The EXPLAIN plans make this concrete. For SELECT MIN(EventDate), MAX(EventDate) FROM hits:

Path	Plan nodes (root → scan)
DuckDB baseline (via view)	AGGREGATE → PROJECTION → PROJECTION → READ_PARQUET
Arc (direct read_parquet)	AGGREGATE → PROJECTION → READ_PARQUET

The extra PROJECTION node in the baseline plan runs make_date() on 100M integer values before the aggregate can consume them. Measured on the same hardware:

Query	Via view (baseline)	Direct read_parquet (Arc)	Ratio
Q02 COUNT(*) WHERE AdvEngineID != 0	55ms	43ms	1.28×
Q04 AVG(UserID)	79ms	60ms	1.32×
Q07 MIN/MAX EventDate	65ms	41ms	1.59×

On the c8g.metal-48xl leaderboard, Arc wins 30 of 43 queries against duckdb-parquet (single file, same data). The view overhead is the primary driver — it taxes every query in the baseline set, with the largest impact on queries that scan date or wide-projection columns.

Source 2: SQL rewrites

The second source is specific to Arc: query rewriting before DuckDB execution.

Q29 — REGEXP_REPLACE rewrite, 1.3–2.6× speedup. ClickBench Q29 extracts URL domains using a regex:

SELECT REGEXP_REPLACE(Referer, '^https?://(?:www\.)?([^/]+)/.*$', '\1') AS k, ...
FROM hits WHERE Referer <> '' GROUP BY k HAVING COUNT(*) > 100000 ORDER BY l DESC LIMIT 25

Arc detects the URL domain capture group pattern and rewrites it to a CASE expression before passing the query to DuckDB:

CASE
  WHEN Referer LIKE 'https://www.%' THEN split_part(substr(Referer, 13), '/', 1)
  WHEN Referer LIKE 'http://www.%'  THEN split_part(substr(Referer, 12), '/', 1)
  WHEN Referer LIKE 'https://%'     THEN split_part(substr(Referer, 9),  '/', 1)
  WHEN Referer LIKE 'http://%'      THEN split_part(substr(Referer, 8),  '/', 1)
  ELSE split_part(Referer, '/', 1)
END

The NFA-based regex engine evaluates the full capture group against every non-empty Referer in 100M rows.

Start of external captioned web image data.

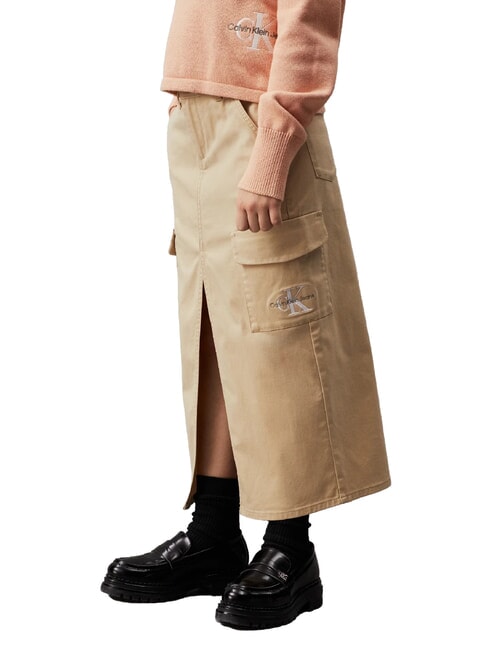 CK KIDS Sp&oacute;dnica cargo z rozcięciem blady khaki - Sp&oacute;dniczki dla małych dziewczynek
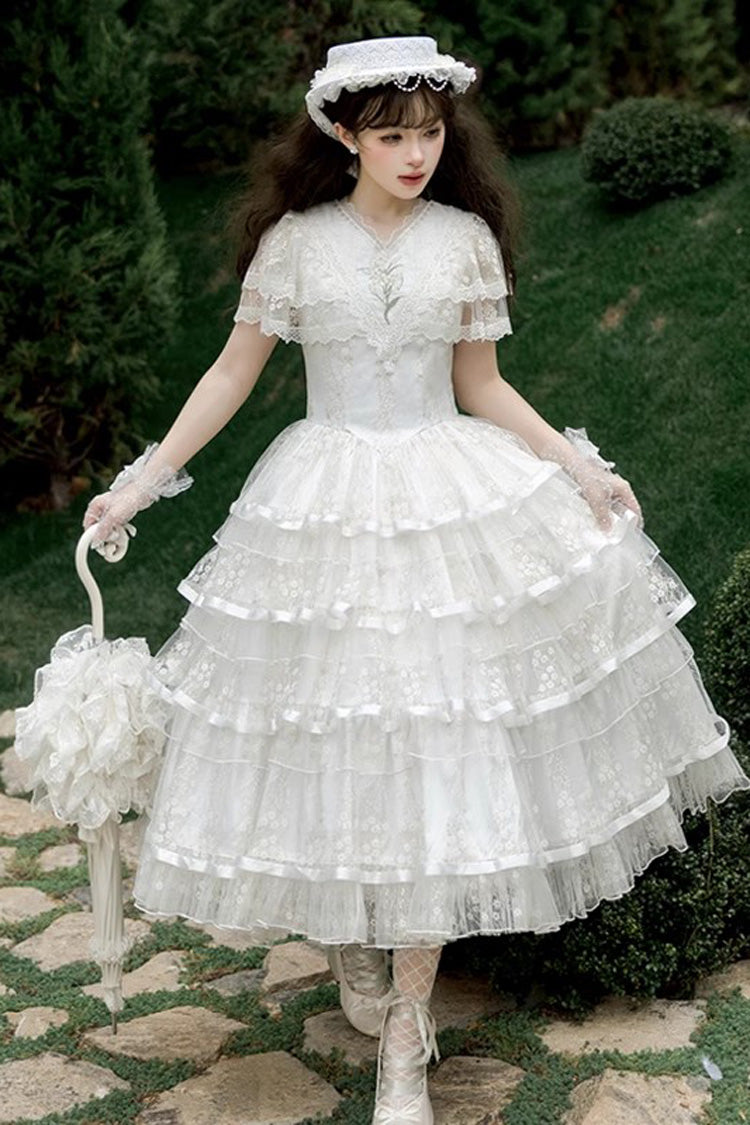 Sweet Lolita Dress - Morning Dew Lily, White, Ruffled, Embroidered, Layered - additional product view 5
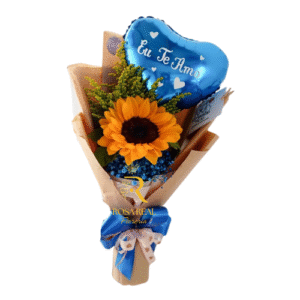 ramo de girasol con globo personalizado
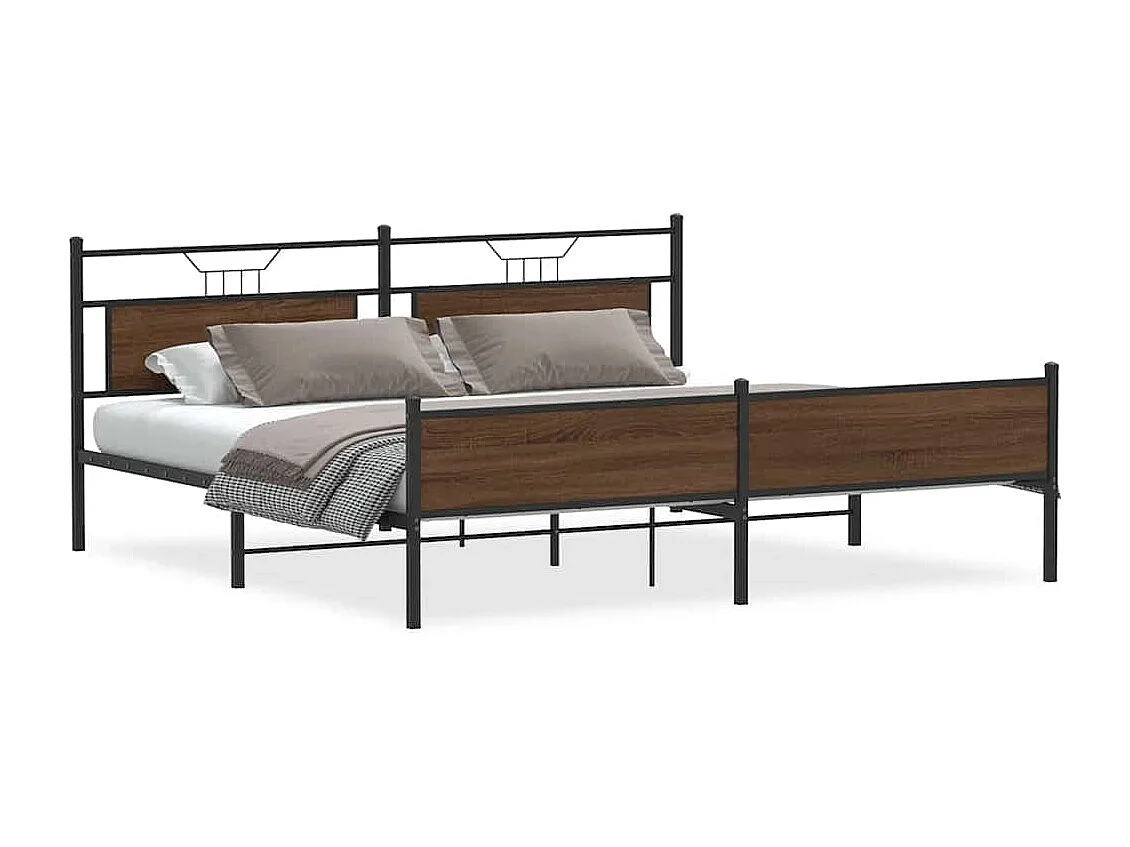 Lit double | Lit adulte | Cadre de lit en métal chêne marron 200x200 cm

The CASE expression evaluates LIKE comparisons (byte prefix matching) and split_part (byte offset arithmetic) — no state machine, no backtracking, no capture group extraction. DuckDB executes both paths; Arc controls which one runs.

Measured with and without the rewrite on the same hardware, from the actual leaderboard results:

Machine	DuckDB (REGEXP_REPLACE)	Arc (CASE rewrite)	Speedup
c8g.metal-48xl	0.932s	0.632s	1.47×
c7a.metal-48xl	1.104s	1.104s	1.00×
c6a.4xlarge	9.486s	3.904s	2.43×

The c6a.4xlarge gap is large because it has only 32 GB RAM — the regex engine's working memory pressure causes intermediate spilling that the string function path avoids. On the memory-rich machines, the gain is smaller but real.

This rewrite fires whenever Arc detects REGEXP_REPLACE or REGEXP_EXTRACT with a URL domain capture group pattern. It does not fire on arbitrary regex patterns.

Source 3: Arrow-native result path

Arc executes queries via DuckDB's native Arrow API rather than the standard database/sql interface.

The standard path: rows.Next() → Scan() → interface{} boxing per column per row → JSON marshal. Every value allocates. For a query returning 10M rows across 10 columns, that's 100M allocations before a byte of JSON is written.

Arc's path: conn.Raw() calls DuckDB's Arrow C Data Interface directly, returning typed array.RecordReader chunks from DuckDB's internal columnar representation. No row-by-row scanning. The serialization loop reads typed arrays directly — *array.Int64, *array.String — and writes to a bufio.Writer using strconv.AppendInt/AppendFloat. Zero per-value allocations.

The practical impact on ClickBench's analytical query mix is small. Most queries return aggregated results — a few rows, not millions. An internal A/B across all 43 queries measures the Arrow path at +0.3% total overhead vs the non-Arrow path (13.373s vs 13.408s). The serialization path is simply not the bottleneck when queries are CPU and I/O bound.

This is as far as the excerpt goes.